New Video: The Existential Visuals and Sounds of Brooklyn’s Bambara

BAMBARA – All The Ugly Things from blaze bateh on Vimeo.

With the release of DREAMVIOLENCE, the Brooklyn-based trio Bambara, comprised of twin brothers Reid and Blaze Bateh and William Brookshire quickly became a JOVM mainstay act and exploded into the national scene for a abrasive and punishing sound that’s indebted to the likes of  A Place to Bury Strangers, The Jesus and Mary Chain and others.

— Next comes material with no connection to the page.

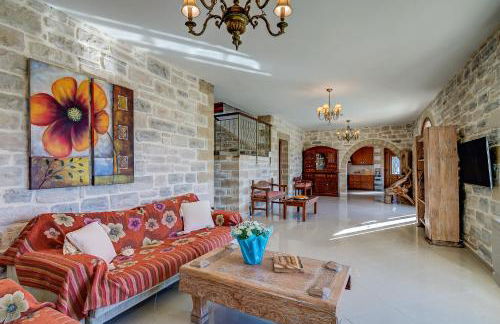 Hectoras Villa in Plaka BY APOKORONAS-VILLAS - Photo 52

Since the release of DREAMVIOLENCE, the Brooklyn-based trio has gone through a decided change in sonic direction with their sound increasingly incorporating element of punk rock, trash punk and psychedelia — and as a result, their sound has become much more abrasive, forceful and propulsive as you’ll hear on “All The Ugly Things,” the first single off the band’s long-awaited sophomore effort, Swarm. Unsurprisingly, the material’s — and in turn, the single’s — abrasive quality was inspired by the trio’s surroundings: Reid Bateh’s lyrics describe a New York that’s stark, grimy, bleak, merciless and full of unhinged, unstable characters desperately trying to survive with whatever dignity, decent and sanity they have left. And at times it sounds and feels like an urgent and desperate howl of pain into a cold, indifferent void.

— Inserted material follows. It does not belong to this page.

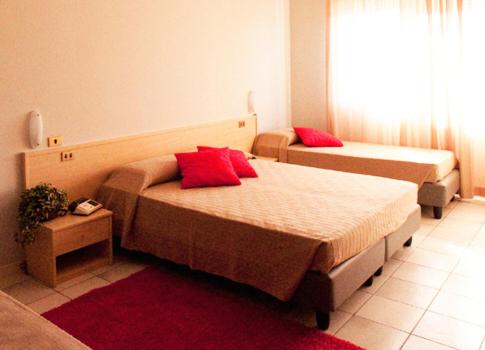 Imagen de la habitación del Hotel Letizia, Follonica. Foto 6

Co-directed by the members of Bambara and William Hart, the recently released music video for “All The Ugly Things” is darkly surreal as it features the band’s frontman Reid Bateh performing in front of a bemused and indifferent group of people as he’s being jostled, pushed, tugged and spun about as though he were on a rocking subway train, thanks to a harness that’s attached to his waist. In some way, it’s a metaphor for how life can actually seem to those who have recently moved to New York — and in another way, it can also be a metaphor for how it would feel to perform in front of a crowd who doesn’t quite get your urgently noisy flailing about.